▸ **Stored records**
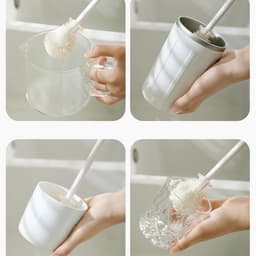 Bàn chải cọ silicon 3D rửa ly cốc cán dài WHITE - Vệ sinh bình sữa tạo bọt tiện lợi, cọ ly đa năng. 3
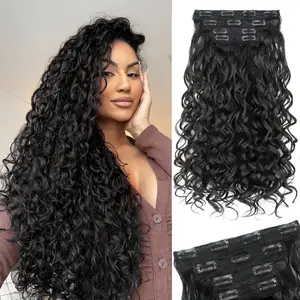 Vigorous Curly Clip In Hair Extensions,4PCS 20 inch Thick Curly Hair Extensions Lace Weft Curly Clip Ins Invisible Natural Synthetic Hairpieces for Women SpringStatements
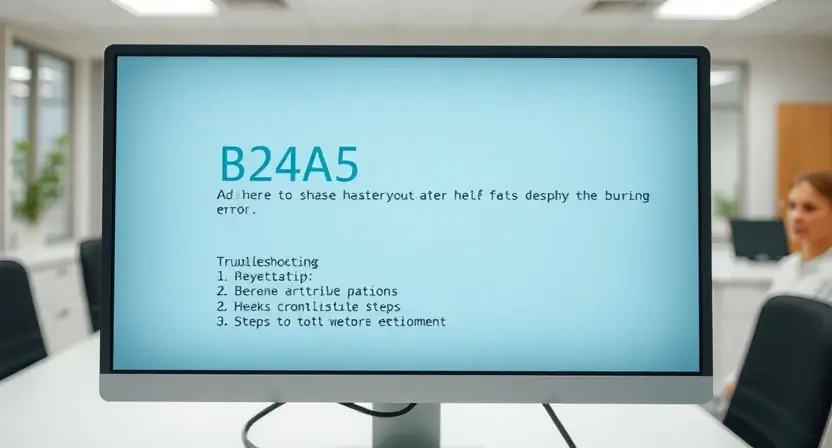 A computer screen displaying an error message B24A5. The error message should be clearly visible, with accompanying troubleshooting steps listed below it. The background should be a clean, professional-looking office environment.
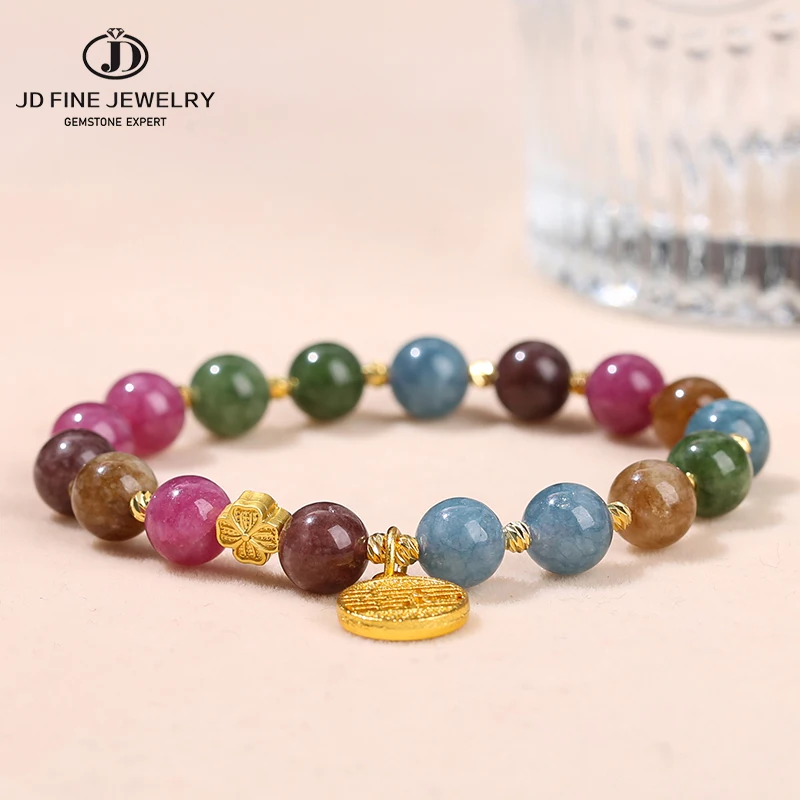 Jd Imitazione Tormalina Colore Calcedonio Lucky Brand Bracciali Con Ciondolo Donna Light Luxury Vintage Bangles Girl Friend Hand Gift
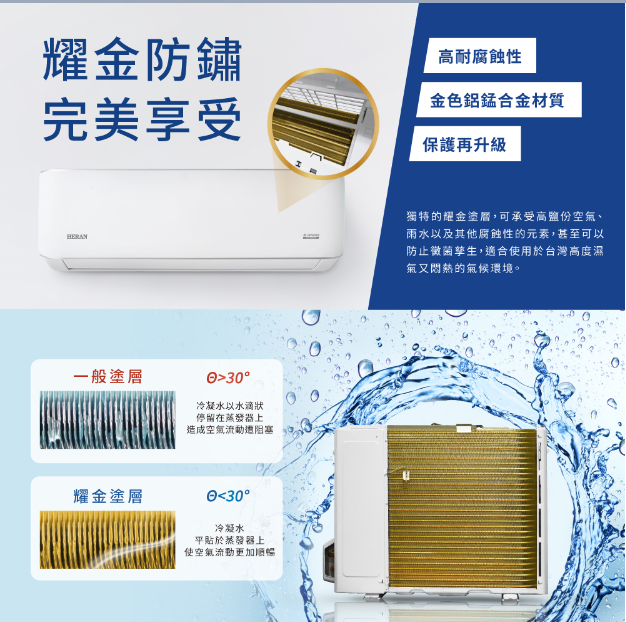 禾聯《耀金典雅1級變頻冷暖》分離式冷氣 HI-LA41H/HO-LA41H (適用7-8坪)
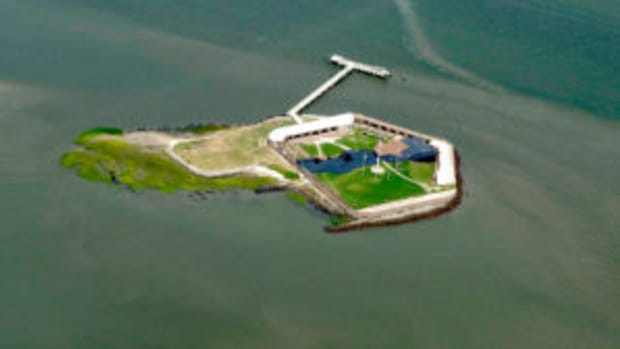  Fort Sumter National Monument encompasses three sites in Charleston: the original Fort Sumter, the Fort Sumter Visitor Education Center, and Fort Moultrie on Sullivan’s Island. Access to Fort Sumter itself is by private boat or a 30-minute ferry ride from the Fort Sumter Visitor Education Center or Patriots Point.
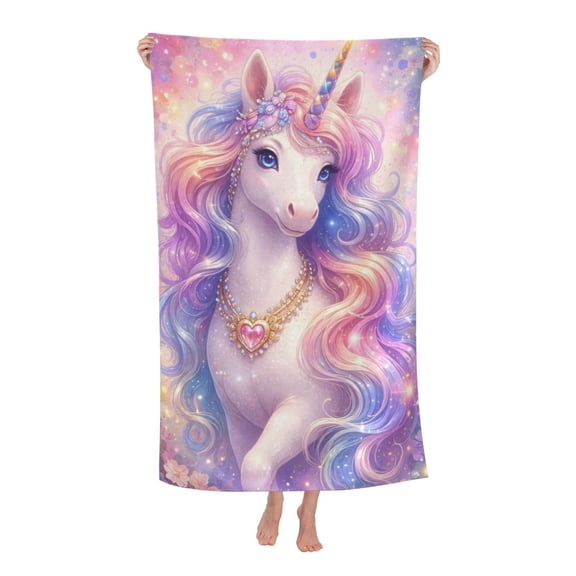 Magical Unicorn Bath Towel Soft and Highly Absorbent for Adults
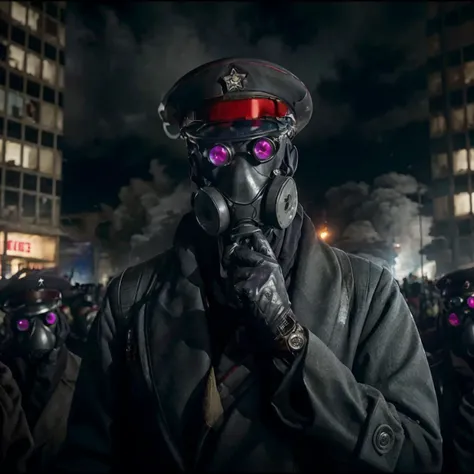 captain_zee giving a speech,
officer, uniform suit, gas mask, night goggles, cloth cloak,
<lora:captain_zee:0.7>
<lora:people_count_slider_v1:5> <lora:epiCRealLife:1>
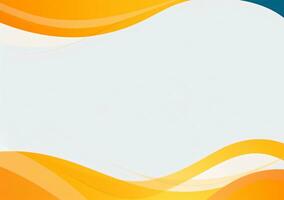 An Abstract Blue and Orange Presentation Background with Curved Lines Decorative Borders and Empty Space photo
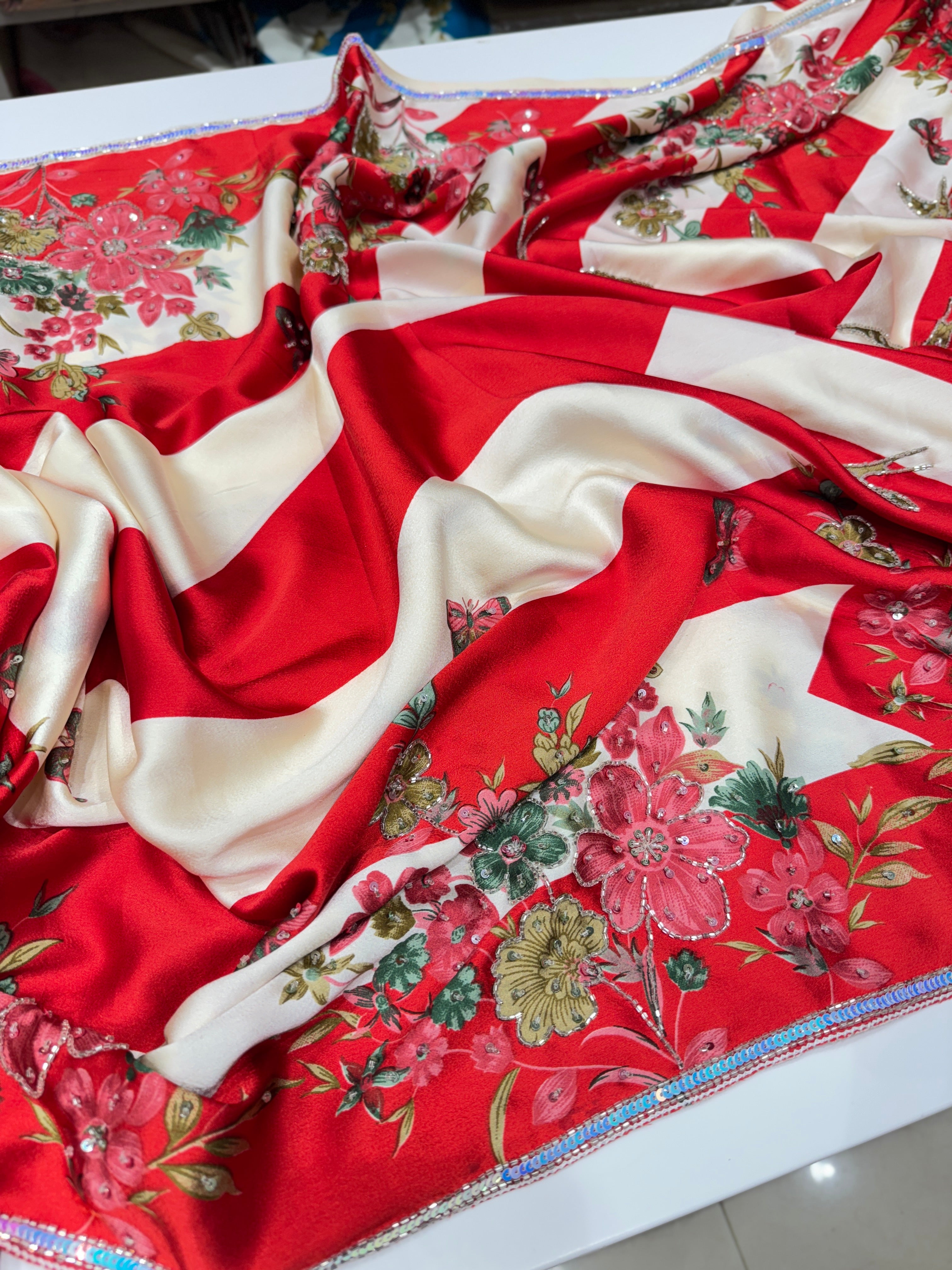 Trisha Krishnan Inspired Red Satin Hand Embroidery Saree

▸ **Activity**
The lines to return are those in the entries above that include "lora".

▸ **Answer**
<lora:captain_zee:0.7>
<lora:people_count_slider_v1:5> <lora:epiCRealLife:1>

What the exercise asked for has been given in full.